The lack of use cases in that document is a concern. They're all "nice to have" features, but is the payoff there for real work? The "effects" section mentions properties useful for a proof system. But it's not part of a proof system. If it were, most of those could be found automatically by static analysis, without bothering the programmer. (I was doing that decades ago in a very early proof of correctness system.) Getting programmers to annotate items is tough. Just getting C++ programmers to use "const" enough is hard.
"View types" are interesting. But how much of that generality is really needed? We already have it for arrays, with "split_at_mut" and its friends. That's a library function which uses "unsafe" but exports a safe interface. The compiler will already let you pass two different fields of a struct as "&mut". That covers the two most pressing cases.
I would also have liked to see some motivational examples, but I think the most interesting upside of an effect system is composability.
Rust is actually really unique among imperative languages in its general composability - things just compose really well across most language features.
The big missing pieces for composability are higher-kinded types (where you could be generic over Option, Result, etc.), and effects (where you could be generic over async-fn, const-fn, hypothetical nopanic-fn, etc.)
The former becomes obvious with the amount of interface duplication between types like Option and Result.
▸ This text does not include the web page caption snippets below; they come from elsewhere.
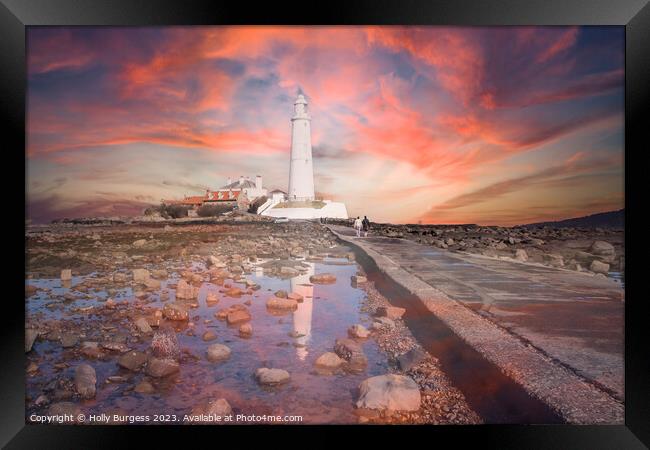 'Illuminated Solitude: St Mary's Lighthouse at Dus Framed Print by Holly Burgess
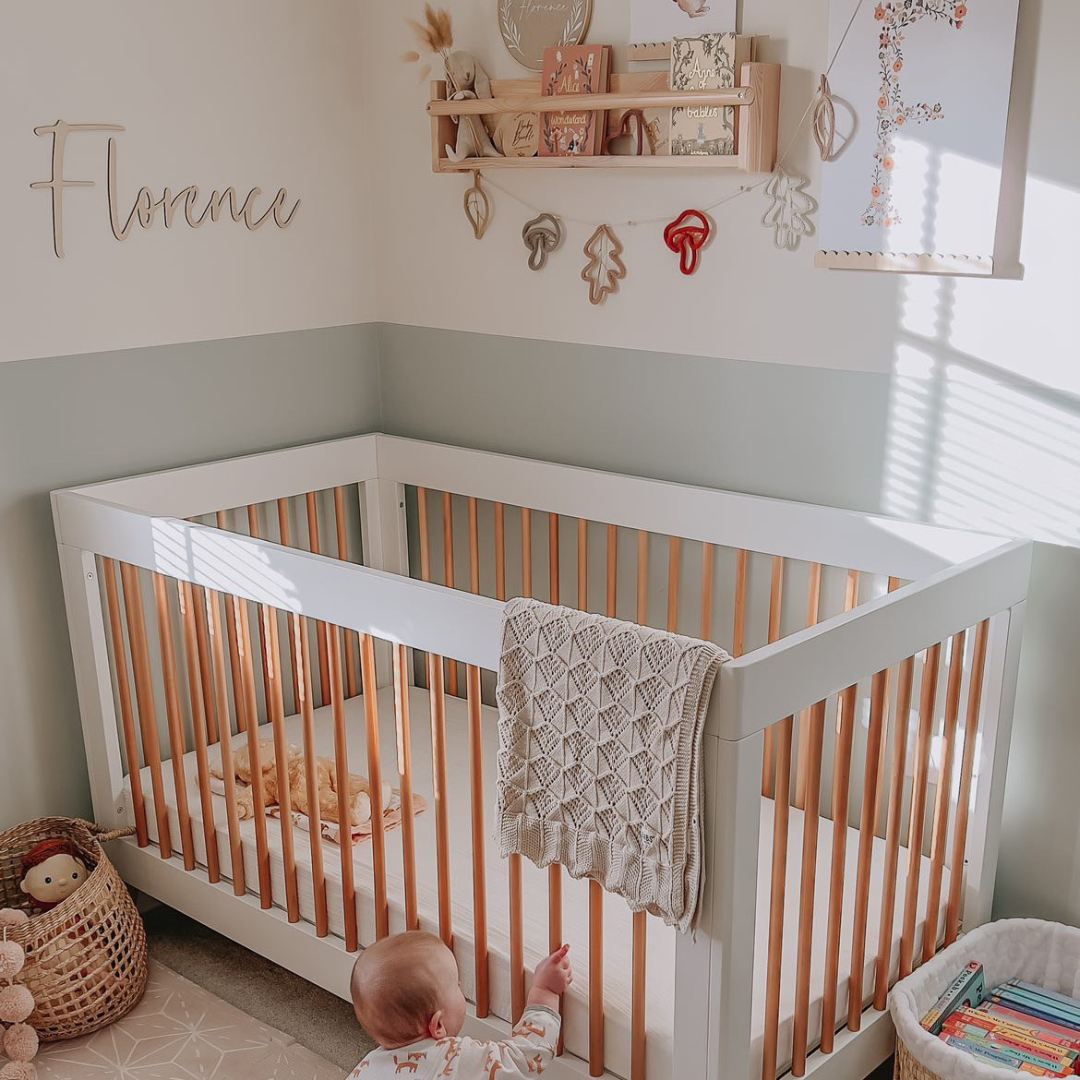 Obaby white and natural mini cot bed in a scandi style nursery | Nursery furniture - Clair de Lune UK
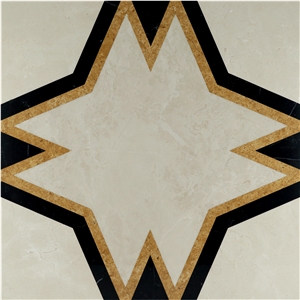 Oscar Beige Marble Ceramic Backed Thin Laminated Water-Jet Medallions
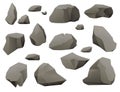 Set of dark gray stones and rocks different sizes and shapes flat vector illustration isolated on white background Royalty Free Stock Photo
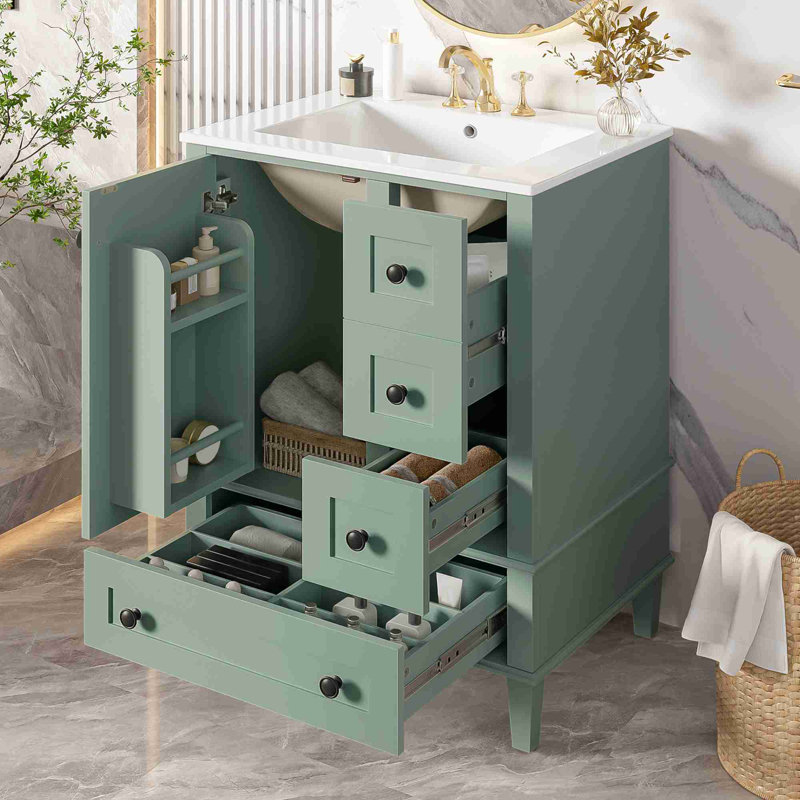 Meuble-lavabo de 24 po, Vert clair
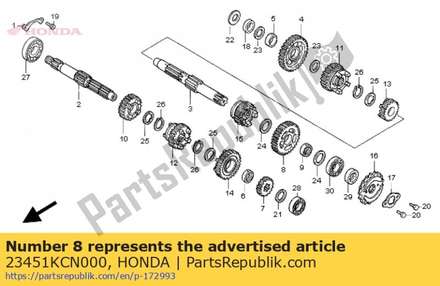 Gear, countershaft second (31t) 23451KCN000 Honda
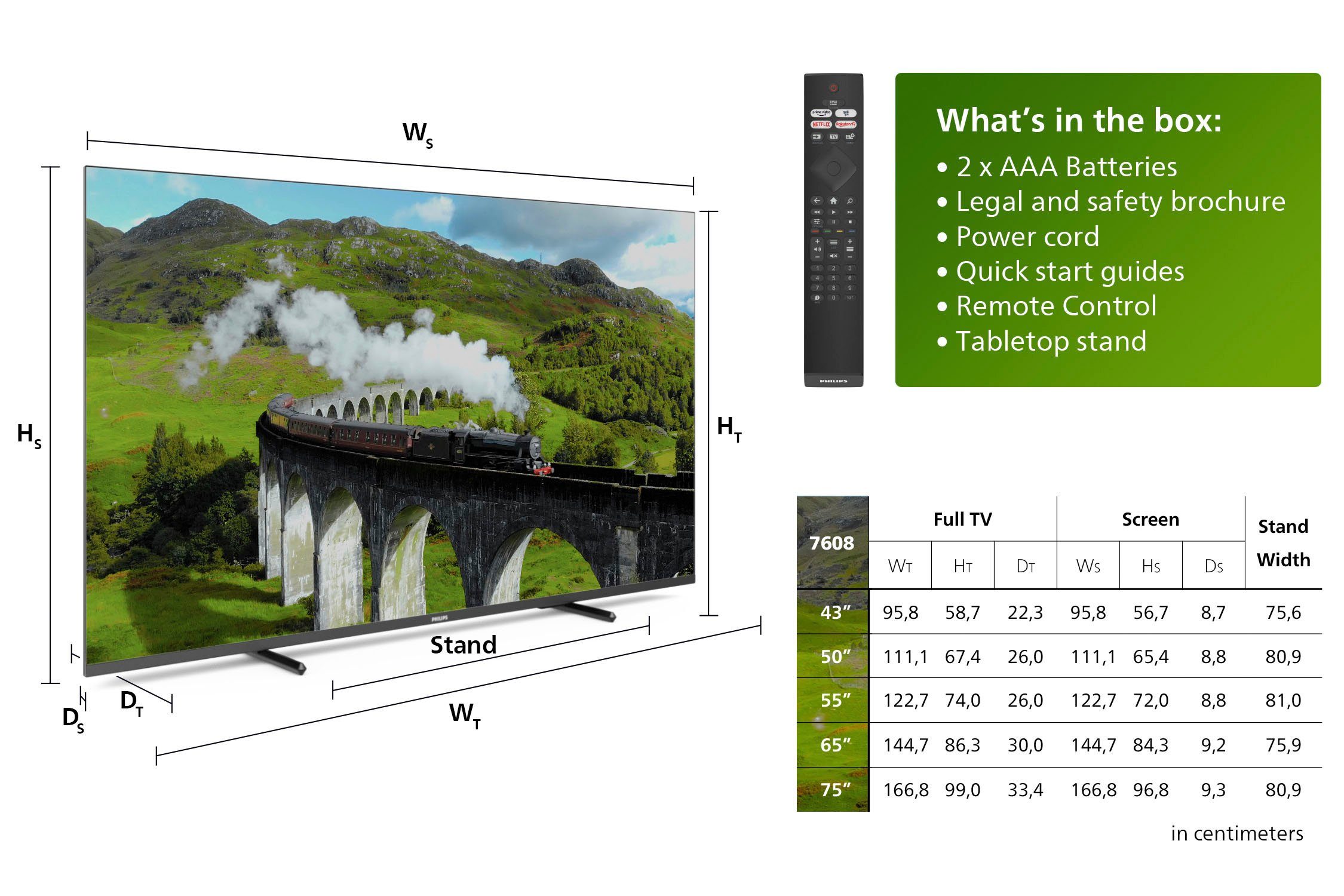 Philips Led-TV 43PUS7608/12, 108 cm / 43", 4K Ultra HD, Smart TV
The latter becomes obvious with the number of variants of certain functions that essentially do the same thing but with a different color.
> Rust is actually really unique among imperative languages in its general composability
Can you compare it to some other imperative language? Because I really don't see anything particularly notable in Rust that would give it this property.
Not so much composability on async Rust.
Some uses of higher-kinded types (though not all of them) can be addressed by leveraging Generic Associated Types (GAT).
Part of the problems is that the "things just compose really well" point becomes gradually less and less applicable as you involve the lower-level features Rust must be concerned with. Abstractions start to become very leaky and it's not clear how best to patch things up without a large increase in complexity. A lot of foundational PL research is needed to address this sensibly.
"View types" addresses one of the top pain points of the borrow checker, which is disjoint borrows on a single value. The compiler can understand values where only some fields are borrowed, so e.g. you can mutably borrow the currently-unborrowed fields, but there's no way to write these partial borrows and so you cannot write functions that either take or return these borrows. This often means having to restructure code to split up one struct into several child structs just to be able to borrow those substructs independently.